[Records for processing — start]

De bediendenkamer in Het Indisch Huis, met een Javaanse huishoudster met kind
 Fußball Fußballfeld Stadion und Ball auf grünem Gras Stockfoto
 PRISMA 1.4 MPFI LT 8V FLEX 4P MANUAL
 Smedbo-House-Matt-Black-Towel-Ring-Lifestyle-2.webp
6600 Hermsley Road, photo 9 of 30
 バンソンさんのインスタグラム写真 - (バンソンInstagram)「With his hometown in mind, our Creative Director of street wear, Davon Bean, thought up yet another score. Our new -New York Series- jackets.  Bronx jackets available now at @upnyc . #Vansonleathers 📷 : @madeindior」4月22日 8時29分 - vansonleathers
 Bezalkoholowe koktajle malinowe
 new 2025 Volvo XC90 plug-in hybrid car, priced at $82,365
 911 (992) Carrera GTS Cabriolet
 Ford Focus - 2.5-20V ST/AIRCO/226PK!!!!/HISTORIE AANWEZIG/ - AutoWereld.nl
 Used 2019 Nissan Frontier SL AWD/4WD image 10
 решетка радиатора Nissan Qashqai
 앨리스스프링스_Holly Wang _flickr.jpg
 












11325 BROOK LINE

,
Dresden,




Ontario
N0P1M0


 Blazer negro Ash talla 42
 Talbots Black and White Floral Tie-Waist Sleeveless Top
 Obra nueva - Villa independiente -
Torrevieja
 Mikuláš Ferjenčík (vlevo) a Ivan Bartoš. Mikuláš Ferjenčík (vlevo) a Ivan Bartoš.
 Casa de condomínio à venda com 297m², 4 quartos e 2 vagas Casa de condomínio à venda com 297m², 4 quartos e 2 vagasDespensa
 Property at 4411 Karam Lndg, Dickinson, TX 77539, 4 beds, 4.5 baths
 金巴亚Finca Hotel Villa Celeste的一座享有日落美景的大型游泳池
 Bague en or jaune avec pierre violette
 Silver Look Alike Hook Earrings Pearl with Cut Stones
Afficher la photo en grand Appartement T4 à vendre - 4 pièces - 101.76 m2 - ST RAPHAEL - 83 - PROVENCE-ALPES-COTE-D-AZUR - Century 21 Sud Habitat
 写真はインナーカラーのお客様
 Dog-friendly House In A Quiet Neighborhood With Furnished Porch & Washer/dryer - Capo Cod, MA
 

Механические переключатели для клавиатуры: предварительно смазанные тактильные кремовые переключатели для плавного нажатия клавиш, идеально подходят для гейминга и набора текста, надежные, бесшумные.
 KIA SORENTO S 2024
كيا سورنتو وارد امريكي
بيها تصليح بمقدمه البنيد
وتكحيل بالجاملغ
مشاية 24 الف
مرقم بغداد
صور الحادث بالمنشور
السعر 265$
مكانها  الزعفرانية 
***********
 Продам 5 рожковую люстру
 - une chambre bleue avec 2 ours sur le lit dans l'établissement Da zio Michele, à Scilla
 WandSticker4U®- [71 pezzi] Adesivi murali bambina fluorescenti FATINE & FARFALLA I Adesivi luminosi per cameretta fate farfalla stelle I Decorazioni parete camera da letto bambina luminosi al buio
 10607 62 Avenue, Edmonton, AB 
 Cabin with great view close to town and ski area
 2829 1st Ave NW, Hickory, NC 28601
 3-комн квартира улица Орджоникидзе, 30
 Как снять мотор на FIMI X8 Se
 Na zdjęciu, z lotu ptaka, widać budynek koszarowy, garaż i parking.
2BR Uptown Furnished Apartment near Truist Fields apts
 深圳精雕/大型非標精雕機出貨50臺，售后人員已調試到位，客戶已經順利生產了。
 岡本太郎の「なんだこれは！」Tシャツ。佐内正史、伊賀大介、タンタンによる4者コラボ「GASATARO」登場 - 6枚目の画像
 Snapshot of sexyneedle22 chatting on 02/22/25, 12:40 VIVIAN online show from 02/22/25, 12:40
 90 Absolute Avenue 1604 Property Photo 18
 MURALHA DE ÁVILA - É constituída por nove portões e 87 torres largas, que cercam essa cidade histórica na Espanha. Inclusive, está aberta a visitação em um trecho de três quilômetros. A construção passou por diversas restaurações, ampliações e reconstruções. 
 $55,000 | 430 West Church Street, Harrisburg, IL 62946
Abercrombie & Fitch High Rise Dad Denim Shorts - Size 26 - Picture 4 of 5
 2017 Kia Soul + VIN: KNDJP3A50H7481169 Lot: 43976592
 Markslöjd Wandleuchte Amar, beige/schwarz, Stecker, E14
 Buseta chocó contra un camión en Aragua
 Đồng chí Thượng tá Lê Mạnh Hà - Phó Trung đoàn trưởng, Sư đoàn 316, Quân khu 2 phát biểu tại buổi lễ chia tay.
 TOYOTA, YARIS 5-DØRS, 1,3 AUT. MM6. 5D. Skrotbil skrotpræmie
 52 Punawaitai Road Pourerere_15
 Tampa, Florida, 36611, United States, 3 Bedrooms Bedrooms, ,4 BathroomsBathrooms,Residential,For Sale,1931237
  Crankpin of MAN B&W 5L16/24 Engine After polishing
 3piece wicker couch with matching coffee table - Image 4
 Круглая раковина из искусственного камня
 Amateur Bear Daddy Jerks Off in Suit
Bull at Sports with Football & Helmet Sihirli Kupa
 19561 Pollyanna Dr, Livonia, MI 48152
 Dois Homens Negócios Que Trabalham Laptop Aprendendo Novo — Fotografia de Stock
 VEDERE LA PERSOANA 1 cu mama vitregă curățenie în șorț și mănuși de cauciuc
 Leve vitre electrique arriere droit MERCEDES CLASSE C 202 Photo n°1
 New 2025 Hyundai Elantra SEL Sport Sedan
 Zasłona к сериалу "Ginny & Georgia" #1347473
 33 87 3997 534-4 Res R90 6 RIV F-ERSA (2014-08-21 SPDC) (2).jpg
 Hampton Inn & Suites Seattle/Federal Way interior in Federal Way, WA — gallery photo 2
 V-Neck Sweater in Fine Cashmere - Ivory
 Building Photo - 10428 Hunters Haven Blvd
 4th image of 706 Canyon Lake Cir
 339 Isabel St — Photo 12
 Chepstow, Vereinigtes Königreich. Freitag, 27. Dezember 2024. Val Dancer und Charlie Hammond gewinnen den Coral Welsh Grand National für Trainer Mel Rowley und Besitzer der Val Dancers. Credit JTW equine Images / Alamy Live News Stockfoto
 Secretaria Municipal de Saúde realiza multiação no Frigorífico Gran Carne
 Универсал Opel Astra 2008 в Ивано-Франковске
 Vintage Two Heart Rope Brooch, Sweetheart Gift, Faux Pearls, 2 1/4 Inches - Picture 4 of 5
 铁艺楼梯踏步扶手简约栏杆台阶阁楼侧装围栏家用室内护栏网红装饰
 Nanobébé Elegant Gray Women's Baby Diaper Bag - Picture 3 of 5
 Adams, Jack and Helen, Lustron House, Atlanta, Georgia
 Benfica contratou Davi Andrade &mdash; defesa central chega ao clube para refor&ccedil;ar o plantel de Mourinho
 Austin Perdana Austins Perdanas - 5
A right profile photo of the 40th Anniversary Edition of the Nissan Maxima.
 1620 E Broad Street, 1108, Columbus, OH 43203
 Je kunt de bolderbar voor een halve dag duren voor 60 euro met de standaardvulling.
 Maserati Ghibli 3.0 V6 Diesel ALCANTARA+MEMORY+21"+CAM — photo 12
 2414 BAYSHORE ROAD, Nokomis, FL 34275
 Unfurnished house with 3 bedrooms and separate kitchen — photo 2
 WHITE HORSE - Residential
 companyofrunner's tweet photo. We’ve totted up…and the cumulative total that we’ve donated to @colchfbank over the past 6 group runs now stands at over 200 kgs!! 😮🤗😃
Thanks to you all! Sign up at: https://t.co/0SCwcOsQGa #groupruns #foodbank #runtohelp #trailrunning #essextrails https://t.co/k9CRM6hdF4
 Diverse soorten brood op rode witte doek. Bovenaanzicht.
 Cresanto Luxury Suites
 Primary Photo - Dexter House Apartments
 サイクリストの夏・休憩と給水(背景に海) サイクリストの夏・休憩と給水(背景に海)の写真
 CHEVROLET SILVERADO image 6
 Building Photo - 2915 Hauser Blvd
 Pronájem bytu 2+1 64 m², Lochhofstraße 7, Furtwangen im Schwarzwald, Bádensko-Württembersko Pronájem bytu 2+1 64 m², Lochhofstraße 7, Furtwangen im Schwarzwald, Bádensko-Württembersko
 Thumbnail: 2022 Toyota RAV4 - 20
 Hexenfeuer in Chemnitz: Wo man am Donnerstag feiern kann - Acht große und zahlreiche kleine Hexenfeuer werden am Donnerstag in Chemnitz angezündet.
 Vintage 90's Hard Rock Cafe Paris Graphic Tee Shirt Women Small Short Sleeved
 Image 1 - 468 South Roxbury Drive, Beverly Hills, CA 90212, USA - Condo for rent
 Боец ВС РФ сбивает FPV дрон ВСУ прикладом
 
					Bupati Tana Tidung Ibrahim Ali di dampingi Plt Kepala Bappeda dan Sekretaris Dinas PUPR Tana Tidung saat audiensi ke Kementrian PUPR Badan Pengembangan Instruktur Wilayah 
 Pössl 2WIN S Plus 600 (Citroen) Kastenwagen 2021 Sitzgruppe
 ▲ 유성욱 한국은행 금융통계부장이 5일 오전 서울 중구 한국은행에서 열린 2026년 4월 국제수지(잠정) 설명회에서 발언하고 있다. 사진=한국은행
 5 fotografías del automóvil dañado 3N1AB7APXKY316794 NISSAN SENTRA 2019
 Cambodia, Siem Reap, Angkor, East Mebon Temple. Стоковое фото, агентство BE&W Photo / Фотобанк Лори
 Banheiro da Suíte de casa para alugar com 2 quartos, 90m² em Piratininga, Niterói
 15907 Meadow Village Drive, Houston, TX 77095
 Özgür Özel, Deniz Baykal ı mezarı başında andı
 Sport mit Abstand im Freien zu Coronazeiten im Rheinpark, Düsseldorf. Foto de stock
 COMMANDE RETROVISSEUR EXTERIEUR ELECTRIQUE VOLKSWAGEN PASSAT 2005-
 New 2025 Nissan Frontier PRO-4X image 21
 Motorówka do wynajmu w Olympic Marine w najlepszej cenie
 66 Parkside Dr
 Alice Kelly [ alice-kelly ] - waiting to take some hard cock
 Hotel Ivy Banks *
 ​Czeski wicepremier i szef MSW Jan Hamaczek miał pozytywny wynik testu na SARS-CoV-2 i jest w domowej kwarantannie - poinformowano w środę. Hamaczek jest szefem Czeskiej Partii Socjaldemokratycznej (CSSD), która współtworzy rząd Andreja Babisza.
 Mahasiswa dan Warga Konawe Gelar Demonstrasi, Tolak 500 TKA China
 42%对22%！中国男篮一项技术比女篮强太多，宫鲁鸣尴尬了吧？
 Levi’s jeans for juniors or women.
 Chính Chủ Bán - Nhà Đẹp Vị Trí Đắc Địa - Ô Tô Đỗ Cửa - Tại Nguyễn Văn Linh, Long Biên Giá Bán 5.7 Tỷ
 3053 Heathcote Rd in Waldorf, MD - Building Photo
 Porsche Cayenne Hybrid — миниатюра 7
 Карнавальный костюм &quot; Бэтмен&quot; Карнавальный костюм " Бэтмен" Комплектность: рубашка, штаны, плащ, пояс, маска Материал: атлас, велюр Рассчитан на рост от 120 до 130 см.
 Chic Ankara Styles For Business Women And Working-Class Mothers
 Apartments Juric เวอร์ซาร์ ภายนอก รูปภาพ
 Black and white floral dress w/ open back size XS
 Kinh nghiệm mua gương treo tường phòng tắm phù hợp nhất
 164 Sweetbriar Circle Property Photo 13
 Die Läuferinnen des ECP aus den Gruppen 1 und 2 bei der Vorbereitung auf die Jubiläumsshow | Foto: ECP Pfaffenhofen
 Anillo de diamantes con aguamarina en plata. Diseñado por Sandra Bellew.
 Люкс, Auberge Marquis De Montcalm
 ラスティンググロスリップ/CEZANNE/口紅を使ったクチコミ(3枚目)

[Records for processing — finish]

### Work request
Taking the line with "Motorówka do wynajmu" as the first and the line with "Porsche Cayenne Hybrid — миниатюра 7" as the last, retype that stretch of the data above exactly, with no other lines.

### Solution to this problem
 Motorówka do wynajmu w Olympic Marine w najlepszej cenie
 66 Parkside Dr
 Alice Kelly [ alice-kelly ] - waiting to take some hard cock
 Hotel Ivy Banks *
 ​Czeski wicepremier i szef MSW Jan Hamaczek miał pozytywny wynik testu na SARS-CoV-2 i jest w domowej kwarantannie - poinformowano w środę. Hamaczek jest szefem Czeskiej Partii Socjaldemokratycznej (CSSD), która współtworzy rząd Andreja Babisza.
 Mahasiswa dan Warga Konawe Gelar Demonstrasi, Tolak 500 TKA China
 42%对22%！中国男篮一项技术比女篮强太多，宫鲁鸣尴尬了吧？
 Levi’s jeans for juniors or women.
 Chính Chủ Bán - Nhà Đẹp Vị Trí Đắc Địa - Ô Tô Đỗ Cửa - Tại Nguyễn Văn Linh, Long Biên Giá Bán 5.7 Tỷ
 3053 Heathcote Rd in Waldorf, MD - Building Photo
 Porsche Cayenne Hybrid — миниатюра 7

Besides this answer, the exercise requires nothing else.